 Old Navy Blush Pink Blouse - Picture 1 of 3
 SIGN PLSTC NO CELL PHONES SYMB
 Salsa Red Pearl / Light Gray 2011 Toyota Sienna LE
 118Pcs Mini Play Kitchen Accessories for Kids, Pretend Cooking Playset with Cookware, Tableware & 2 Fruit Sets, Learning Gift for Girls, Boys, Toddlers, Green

...

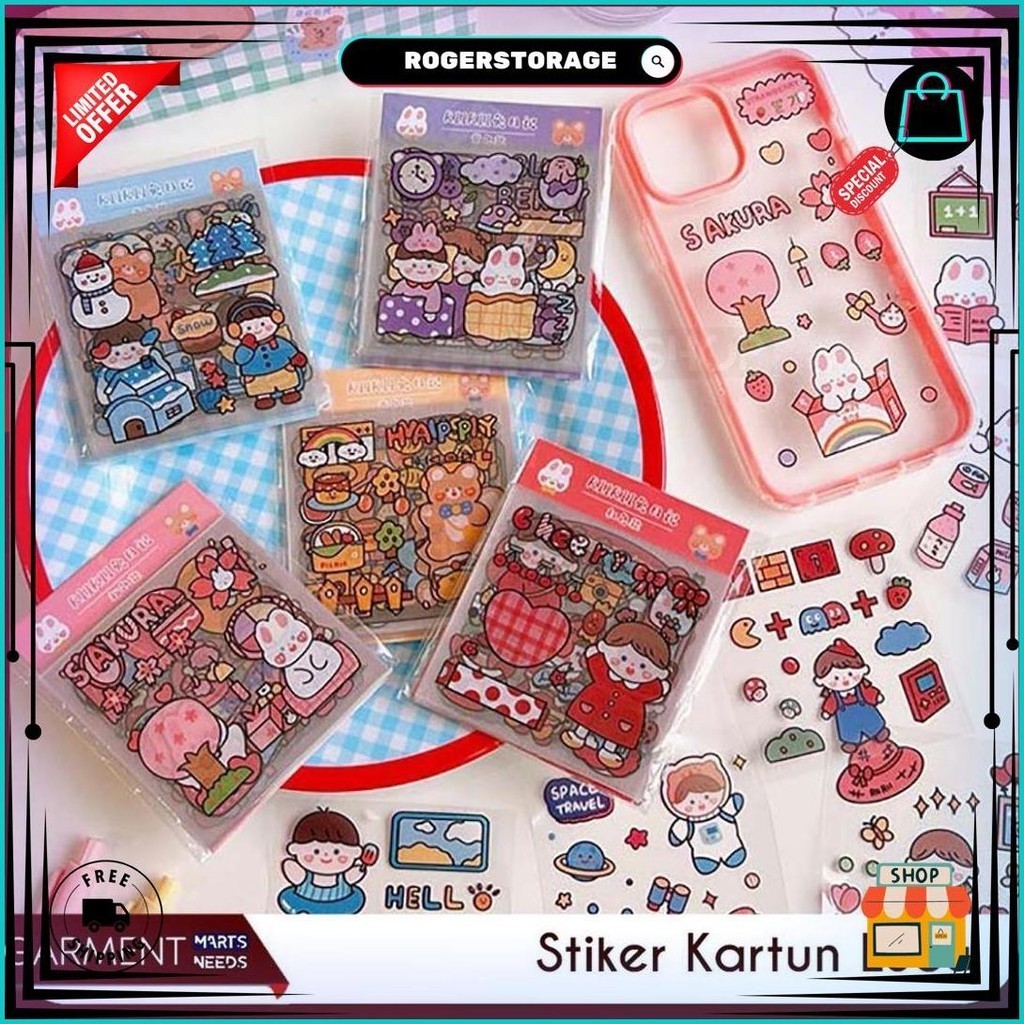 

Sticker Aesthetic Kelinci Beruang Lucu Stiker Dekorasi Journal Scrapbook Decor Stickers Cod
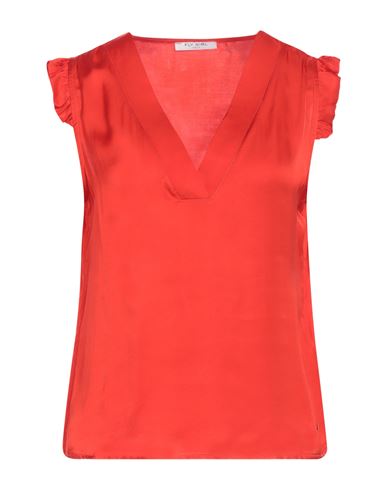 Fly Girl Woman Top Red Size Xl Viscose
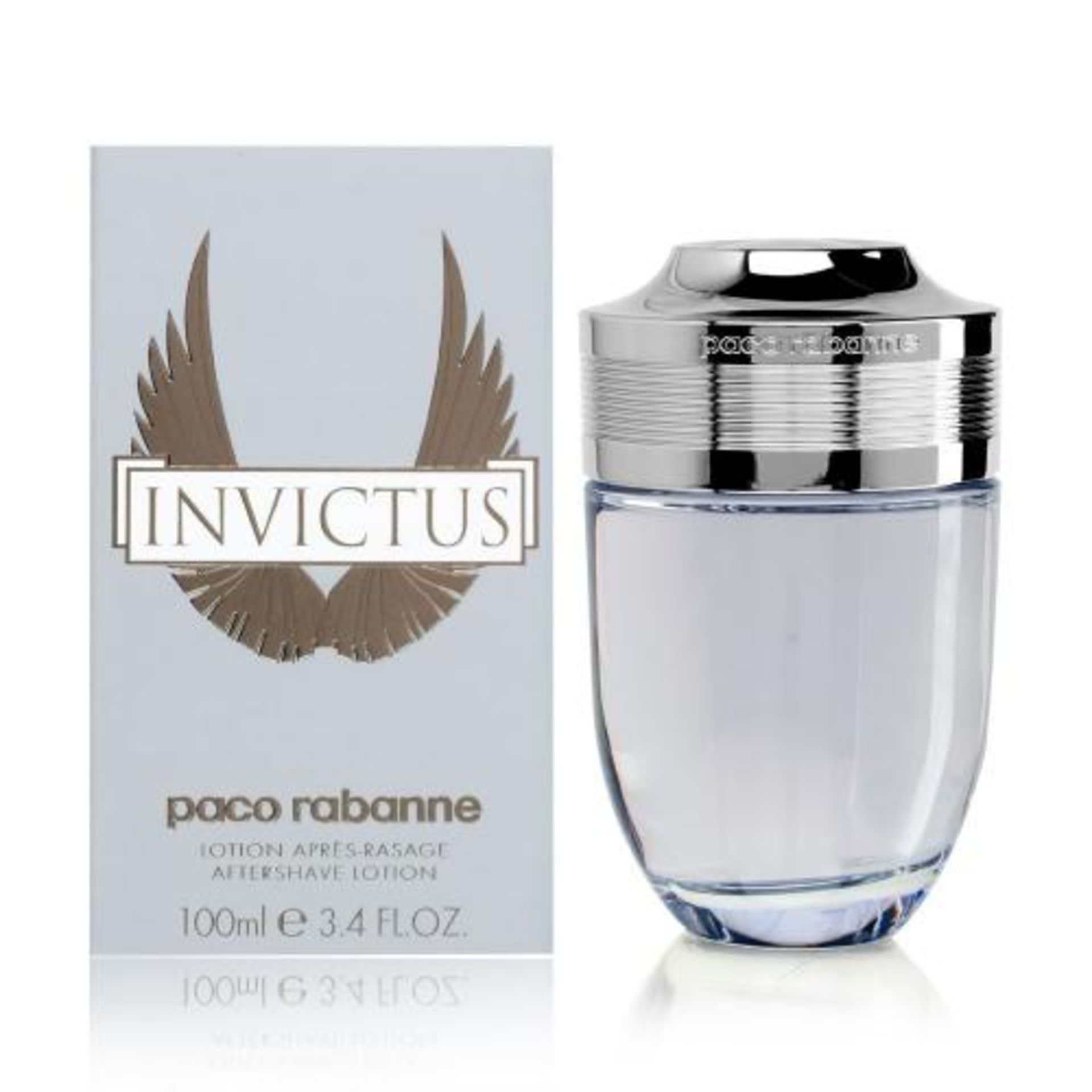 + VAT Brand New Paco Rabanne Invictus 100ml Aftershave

--

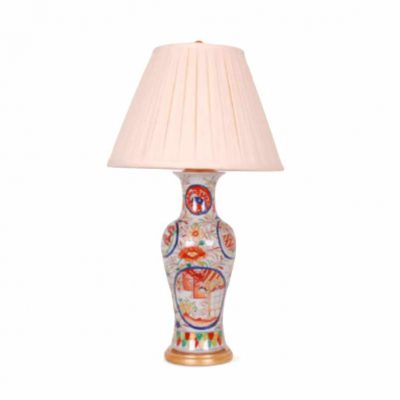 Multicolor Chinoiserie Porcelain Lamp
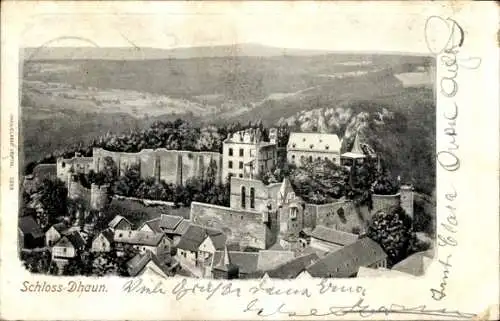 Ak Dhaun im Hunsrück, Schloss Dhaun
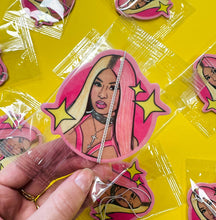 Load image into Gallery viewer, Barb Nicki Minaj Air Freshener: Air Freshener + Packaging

What needs to be done
Can you repeat, word for word, every line above from the one containing "Old Navy Blush Pink Blouse - Picture 1 of 3" down to the one containing "118Pcs Mini Play", including both?

Output for this exercise
 Old Navy Blush Pink Blouse - Picture 1 of 3
 SIGN PLSTC NO CELL PHONES SYMB
 Salsa Red Pearl / Light Gray 2011 Toyota Sienna LE
 118Pcs Mini Play Kitchen Accessories for Kids, Pretend Cooking Playset with Cookware, Tableware & 2 Fruit Sets, Learning Gift for Girls, Boys, Toddlers, Green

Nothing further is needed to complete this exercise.